Béligh Nabli est directeur de recherche à l’Institut de Relations Internationales et Stratégiques (IRIS), au sein duquel il a fondé l’« Observatoire des mutations politiques dans le monde arabe ».
Il enseigne également les relations internationales à l’Institut d’études politiques de Paris.
Il répond à mes questions à l’occasion de son dernier ouvrage « Géopolitique de la Méditerranée », paru aux éditions Armand Colin.
La Méditerranée a-t-elle une identité mosaïque ?
Posée à l’espace méditerranéen, la question identitaire convoque des représentations contradictoires : l’une invoque le rapprochement, le métissage, le brassage des différences ; l’autre, la séparation et la fragmentation de blocs antagonistes.

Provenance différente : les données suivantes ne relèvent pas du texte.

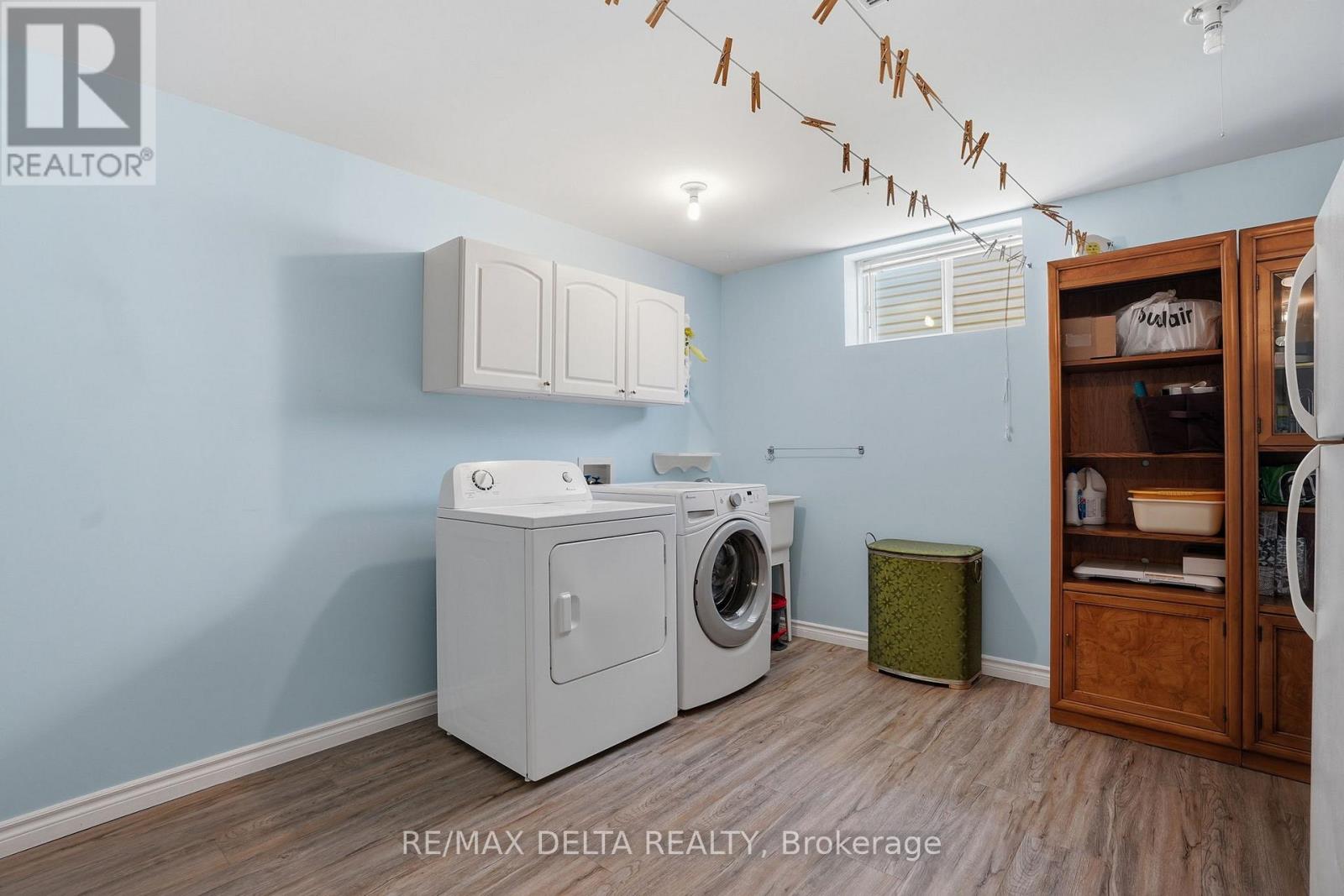 2733 SYLVAIN STREET - 27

Cette dernière vision l’emporte aujourd’hui, entretenue par la force et le succès du discours sur le « choc des civilisations » dont la Méditerranée serait le théâtre. Cela étant, l’histoire et la géographie ont favorisé le mélange des populations, l’échange des idées et des croyances ainsi que la diffusion des modes de vie des sociétés établies sur le pourtour méditerranéen. Croisements, métissages et phénomène d’hybridation des cultures sont à l’origine d’une « identité commune mosaïque ».
Vous évoquez une profonde graduation entre des modèles extrêmes ?

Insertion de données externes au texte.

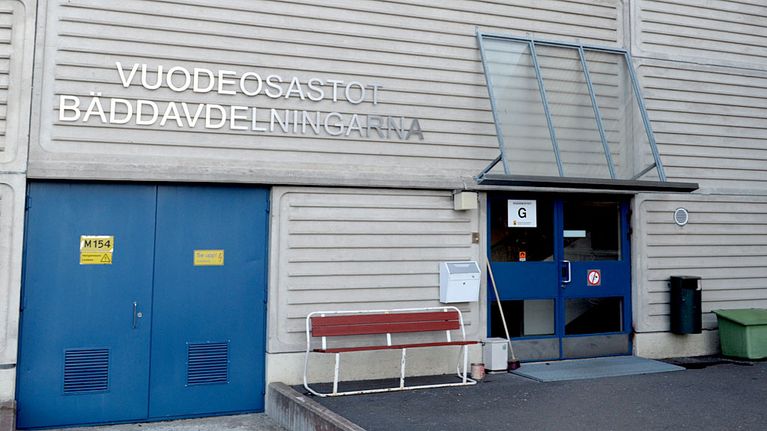 Kokkolan TKn vuodeosastojen sisäänkäynti.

Historiquement, les peuples du monde méditerranéen ont expérimenté divers modèles d’organisations sociales et politiques. Si l’État offre aujourd’hui un cadre commun à ces sociétés qui n’ont pas rompu avec certaines structures traditionnelles infra et/ou transnationales (tribus, clans familiaux, etc.), la question du pouvoir politique n’est pas traitée de manière unique ni même homogène. Le principe démocratique est né dans la Grèce antique, mais ne s’est pas diffusé à l’ensemble du bassin méditerranéen. L’exercice du pouvoir en Méditerranée reflète le vaste champ des possibles offerts par les sciences politique et constitutionnelle.
Partant, et sans prétendre établir de typologie, il est possible de distinguer des situations politiques qui recoupent plus ou moins les aires géopolitiques de la Méditerranée : les pays de la rive européenne constitutifs de l’« arc latin » (Italie, France, Espagne et Portugal) se caractérisent par un ordre politique et juridique qui tente d’allier démocratie et État de droit. L’application de ce modèle politique libéral nourrit un sentiment de supériorité morale de la rive nord-européenne sur le reste du pourtour méditerranéen. Un phénomène similaire est palpable dans le discours officiel israélien, reposant notamment sur le slogan suivant lequel il s’agirait de la « seule démocratie de la région » du Moyen-Orient. Une prétention discutable car Israël – comme le Liban et la Turquie – relève d’un modèle politique hybride ou « semi-démocratique ». Pour des raisons différentes, cette remarque s’applique aux pays issus de l’ex-Yougoslavie (Slovénie, Croatie, Bosnie-Herzégovine, Serbie-Monténégro) ou du bloc communiste (Albanie). En effet, malgré la démocratisation dans les Balkans, le nationalisme, le populisme et la corruption exacerbés font encore obstacle au respect de l’Etat de droit.